■ **TASK DIRECTIONS**: Repeat the data as given. Images do not go in the copy.

■ **GIVEN MATERIAL**:
┌──
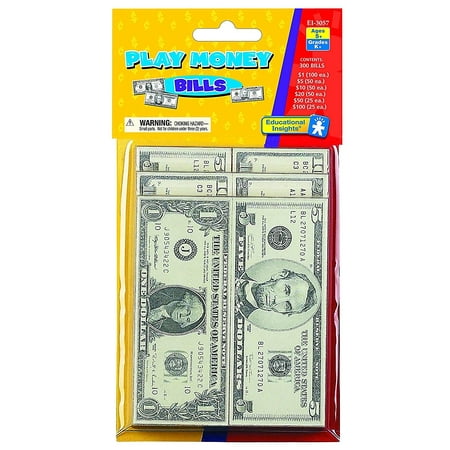 UPC 086002030573 product image for Educational Insights Play Money - Bills | upcitemdb.com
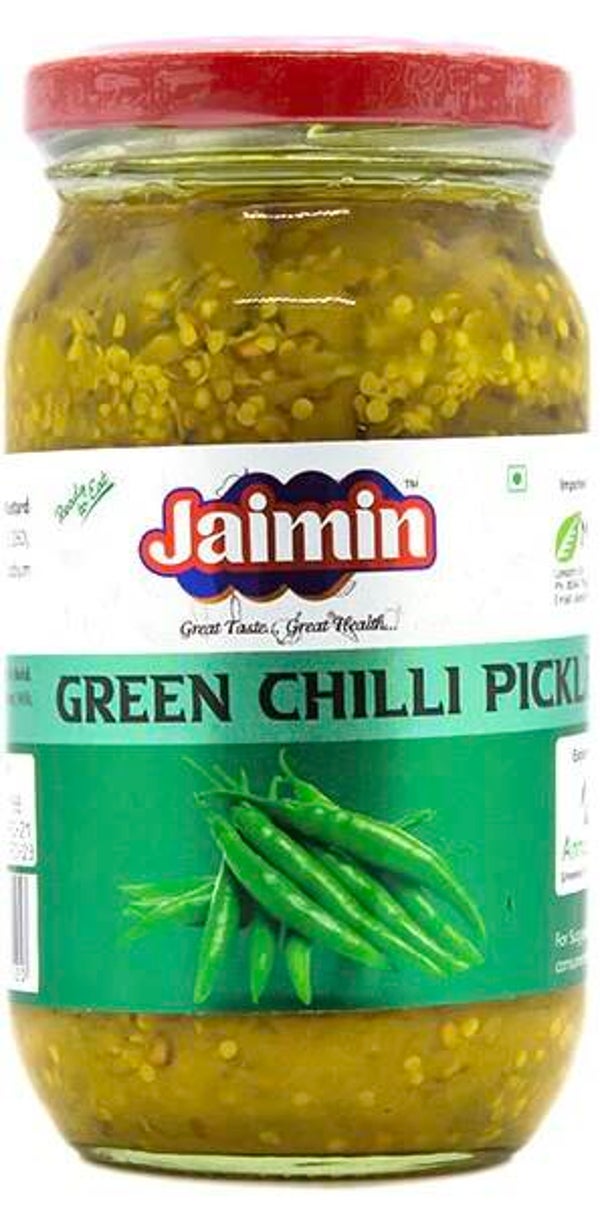 JAIMIN GREEN CHILLY PICKLE 400 g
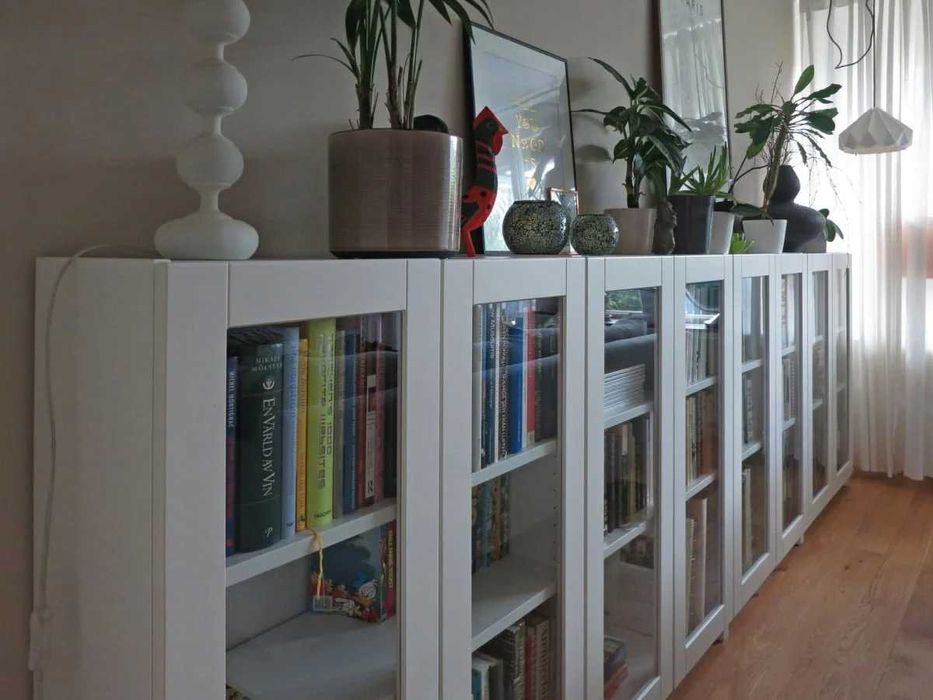 Usi usa SAVEDAL IKEA 40x100 cu geam de sticla, alb pentru cadru 80x100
└──
■ **TASK ANSWER**:
 UPC 086002030573 product image for Educational Insights Play Money - Bills | upcitemdb.com
 JAIMIN GREEN CHILLY PICKLE 400 g
 Usi usa SAVEDAL IKEA 40x100 cu geam de sticla, alb pentru cadru 80x100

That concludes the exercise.